■ Task instructions: When you copy the material below, keep every line exact and leave each picture out.

■ Given information:
* * *

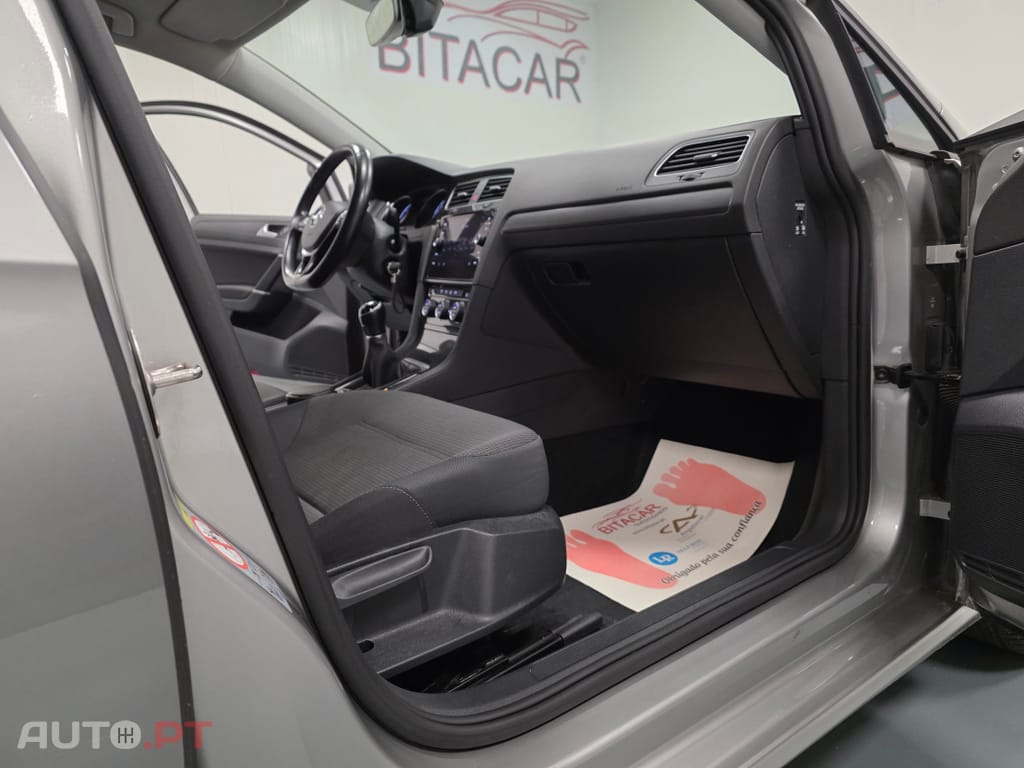 Volkswagen Golf 1.6 TDI Confortline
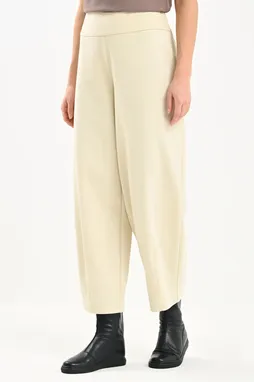 Sarah Pacini 232.13.009 25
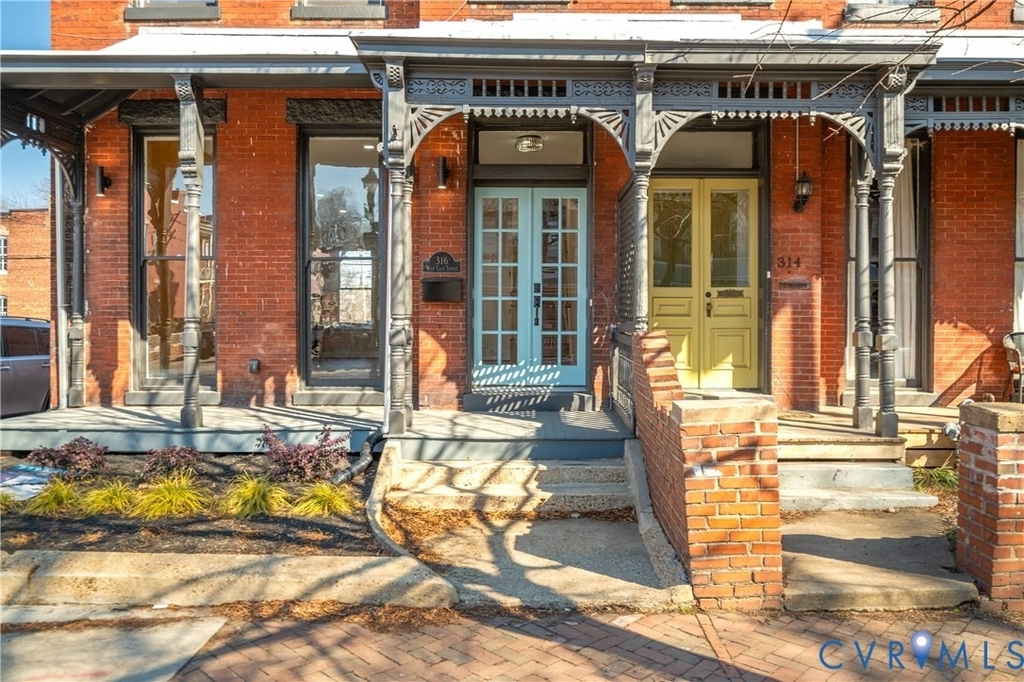 316 W Clay St - Photo 2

* * *

■ Solved problem:
 Volkswagen Golf 1.6 TDI Confortline
 Sarah Pacini 232.13.009 25
 316 W Clay St - Photo 2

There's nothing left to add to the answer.